AVAILABLE DATA:

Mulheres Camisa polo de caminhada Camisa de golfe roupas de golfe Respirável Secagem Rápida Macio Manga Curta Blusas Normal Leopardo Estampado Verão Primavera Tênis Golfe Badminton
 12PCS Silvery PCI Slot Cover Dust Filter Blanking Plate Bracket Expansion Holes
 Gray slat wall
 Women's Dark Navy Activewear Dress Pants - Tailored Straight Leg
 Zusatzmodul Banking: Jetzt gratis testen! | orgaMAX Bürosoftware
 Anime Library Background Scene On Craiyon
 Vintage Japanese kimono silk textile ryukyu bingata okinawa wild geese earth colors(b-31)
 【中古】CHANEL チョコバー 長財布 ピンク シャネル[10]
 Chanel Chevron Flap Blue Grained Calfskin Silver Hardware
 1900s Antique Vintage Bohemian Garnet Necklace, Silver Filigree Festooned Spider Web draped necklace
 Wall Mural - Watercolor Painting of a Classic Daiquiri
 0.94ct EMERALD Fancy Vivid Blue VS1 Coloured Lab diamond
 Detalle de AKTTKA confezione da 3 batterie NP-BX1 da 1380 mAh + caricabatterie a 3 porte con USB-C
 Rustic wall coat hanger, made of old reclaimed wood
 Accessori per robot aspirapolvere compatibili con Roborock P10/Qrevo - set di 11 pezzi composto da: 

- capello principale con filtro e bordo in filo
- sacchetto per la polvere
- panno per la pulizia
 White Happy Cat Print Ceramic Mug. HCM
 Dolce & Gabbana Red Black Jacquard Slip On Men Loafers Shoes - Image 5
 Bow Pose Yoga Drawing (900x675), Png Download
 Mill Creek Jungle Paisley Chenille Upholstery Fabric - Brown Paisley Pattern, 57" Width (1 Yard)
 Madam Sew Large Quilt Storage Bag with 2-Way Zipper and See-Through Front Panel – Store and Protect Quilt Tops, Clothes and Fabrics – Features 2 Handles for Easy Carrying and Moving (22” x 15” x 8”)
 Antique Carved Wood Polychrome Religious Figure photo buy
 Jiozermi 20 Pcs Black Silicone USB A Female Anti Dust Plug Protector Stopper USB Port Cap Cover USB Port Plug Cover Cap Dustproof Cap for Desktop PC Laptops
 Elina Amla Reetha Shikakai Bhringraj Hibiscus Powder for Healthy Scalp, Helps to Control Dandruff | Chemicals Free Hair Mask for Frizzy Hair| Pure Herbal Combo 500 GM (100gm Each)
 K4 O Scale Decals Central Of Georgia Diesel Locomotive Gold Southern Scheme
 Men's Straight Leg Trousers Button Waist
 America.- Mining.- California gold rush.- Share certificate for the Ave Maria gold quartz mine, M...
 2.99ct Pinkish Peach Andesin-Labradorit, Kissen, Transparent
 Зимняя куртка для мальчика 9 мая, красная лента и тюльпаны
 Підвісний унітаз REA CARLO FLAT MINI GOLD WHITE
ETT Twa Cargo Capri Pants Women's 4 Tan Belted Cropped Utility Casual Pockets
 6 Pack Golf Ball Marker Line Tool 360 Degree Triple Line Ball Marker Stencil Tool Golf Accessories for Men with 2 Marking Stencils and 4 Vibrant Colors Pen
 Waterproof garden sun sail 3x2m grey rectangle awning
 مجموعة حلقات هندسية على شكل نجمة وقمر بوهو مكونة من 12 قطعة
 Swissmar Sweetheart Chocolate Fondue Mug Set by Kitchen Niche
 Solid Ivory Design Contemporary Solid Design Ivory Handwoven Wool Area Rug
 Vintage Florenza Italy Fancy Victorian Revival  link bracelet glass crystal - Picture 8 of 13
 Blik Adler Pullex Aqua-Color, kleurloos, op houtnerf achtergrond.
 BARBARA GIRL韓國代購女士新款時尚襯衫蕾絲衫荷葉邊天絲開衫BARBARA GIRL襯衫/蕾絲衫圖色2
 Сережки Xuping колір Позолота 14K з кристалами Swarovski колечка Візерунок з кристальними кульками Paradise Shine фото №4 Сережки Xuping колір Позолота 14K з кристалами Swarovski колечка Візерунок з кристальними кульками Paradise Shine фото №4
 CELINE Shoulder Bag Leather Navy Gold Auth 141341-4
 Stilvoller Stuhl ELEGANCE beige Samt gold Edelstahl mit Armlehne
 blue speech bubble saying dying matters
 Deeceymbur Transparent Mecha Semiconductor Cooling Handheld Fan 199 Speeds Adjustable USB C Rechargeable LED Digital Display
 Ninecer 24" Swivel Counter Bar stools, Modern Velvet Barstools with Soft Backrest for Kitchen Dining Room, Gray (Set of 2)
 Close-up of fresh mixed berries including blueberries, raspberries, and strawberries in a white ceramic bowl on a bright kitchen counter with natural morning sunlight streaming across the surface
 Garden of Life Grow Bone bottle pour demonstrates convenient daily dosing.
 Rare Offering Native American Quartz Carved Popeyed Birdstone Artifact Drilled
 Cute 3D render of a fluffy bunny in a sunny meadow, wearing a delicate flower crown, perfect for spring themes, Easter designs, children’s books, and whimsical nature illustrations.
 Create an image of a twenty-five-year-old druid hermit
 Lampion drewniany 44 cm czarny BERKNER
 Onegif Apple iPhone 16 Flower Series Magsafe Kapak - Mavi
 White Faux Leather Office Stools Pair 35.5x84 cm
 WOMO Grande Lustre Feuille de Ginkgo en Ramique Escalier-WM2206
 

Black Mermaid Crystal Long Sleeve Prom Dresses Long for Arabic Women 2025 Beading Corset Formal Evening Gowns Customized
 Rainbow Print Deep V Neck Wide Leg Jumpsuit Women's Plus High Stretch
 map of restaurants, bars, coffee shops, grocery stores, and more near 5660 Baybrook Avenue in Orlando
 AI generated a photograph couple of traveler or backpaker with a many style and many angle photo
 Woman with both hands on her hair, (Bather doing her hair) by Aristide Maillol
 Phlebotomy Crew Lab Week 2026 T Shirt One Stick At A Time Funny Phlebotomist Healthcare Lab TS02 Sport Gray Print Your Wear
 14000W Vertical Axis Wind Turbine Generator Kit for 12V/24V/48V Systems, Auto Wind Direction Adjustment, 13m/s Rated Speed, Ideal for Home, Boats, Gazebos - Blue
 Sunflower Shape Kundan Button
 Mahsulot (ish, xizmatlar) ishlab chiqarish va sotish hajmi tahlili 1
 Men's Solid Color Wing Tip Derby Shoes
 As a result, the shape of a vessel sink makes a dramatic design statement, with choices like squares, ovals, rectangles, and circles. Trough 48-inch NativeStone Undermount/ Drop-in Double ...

WHAT TO DO:
Above are the entries. Copy exactly the part that opens with the line containing "Madam Sew Large" and closes with the line containing "Men's Straight Leg Trousers Button Waist", and no more.

WRITTEN REPLY:
 Madam Sew Large Quilt Storage Bag with 2-Way Zipper and See-Through Front Panel – Store and Protect Quilt Tops, Clothes and Fabrics – Features 2 Handles for Easy Carrying and Moving (22” x 15” x 8”)
 Antique Carved Wood Polychrome Religious Figure photo buy
 Jiozermi 20 Pcs Black Silicone USB A Female Anti Dust Plug Protector Stopper USB Port Cap Cover USB Port Plug Cover Cap Dustproof Cap for Desktop PC Laptops
 Elina Amla Reetha Shikakai Bhringraj Hibiscus Powder for Healthy Scalp, Helps to Control Dandruff | Chemicals Free Hair Mask for Frizzy Hair| Pure Herbal Combo 500 GM (100gm Each)
 K4 O Scale Decals Central Of Georgia Diesel Locomotive Gold Southern Scheme
 Men's Straight Leg Trousers Button Waist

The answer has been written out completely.